─── Task inputs
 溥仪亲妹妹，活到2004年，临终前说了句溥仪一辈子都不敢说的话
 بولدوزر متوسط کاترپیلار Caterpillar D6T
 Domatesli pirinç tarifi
──────
─── Task inputs
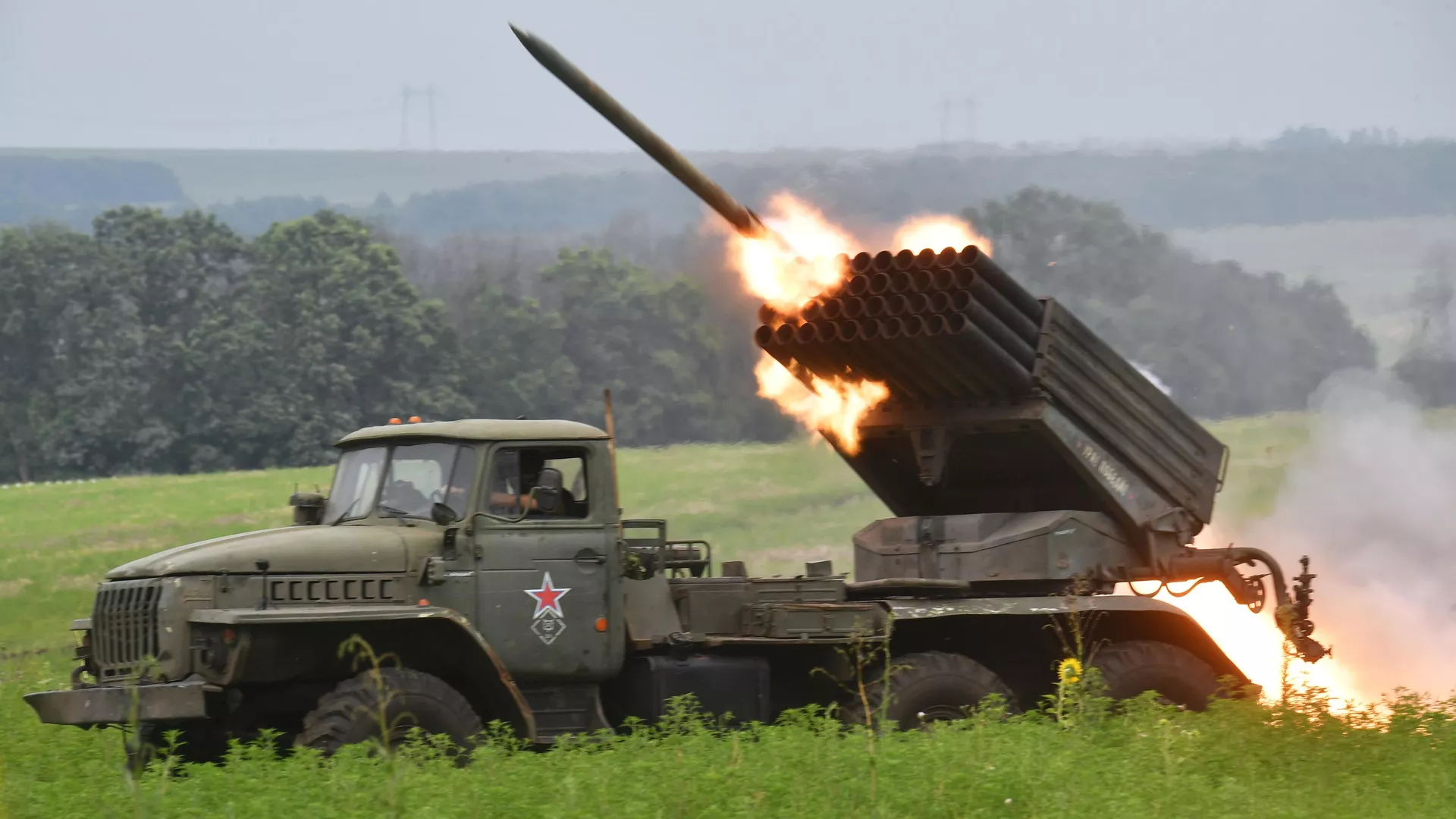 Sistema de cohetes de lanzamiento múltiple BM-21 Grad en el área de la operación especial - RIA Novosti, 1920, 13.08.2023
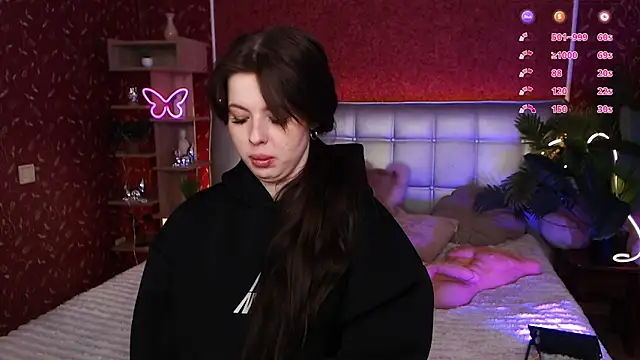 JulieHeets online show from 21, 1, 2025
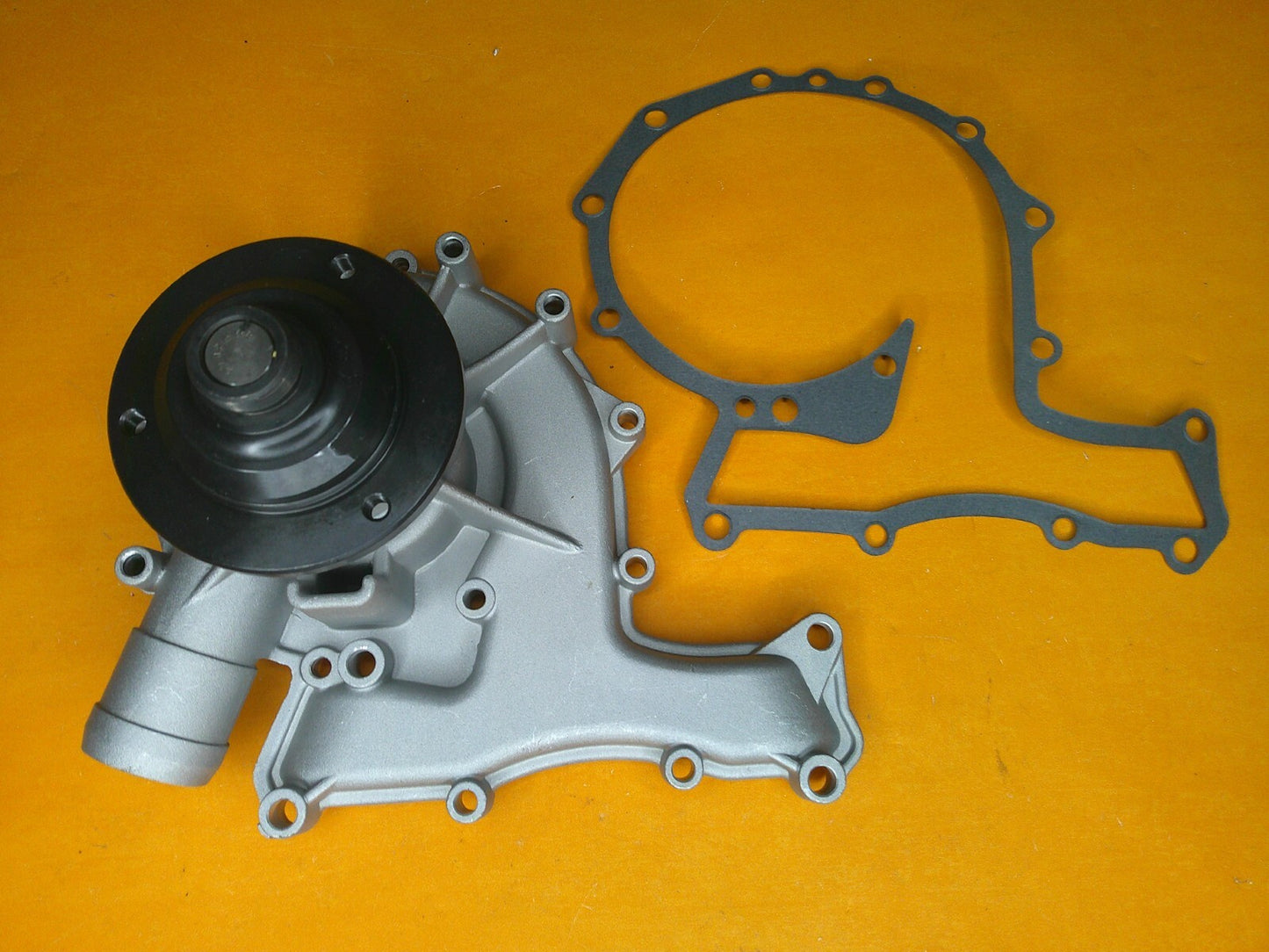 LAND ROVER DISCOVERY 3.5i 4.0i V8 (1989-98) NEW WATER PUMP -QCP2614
──────
### Work order
Could you return exactly the lines above from the line with "溥仪亲妹妹，活到2004年，临终前说了句溥仪一辈子都不敢说的话" to the line with "Domatesli pirinç tarifi", both included, and nothing else?

### Answer for this exercise
 溥仪亲妹妹，活到2004年，临终前说了句溥仪一辈子都不敢说的话
 بولدوزر متوسط کاترپیلار Caterpillar D6T
 Domatesli pirinç tarifi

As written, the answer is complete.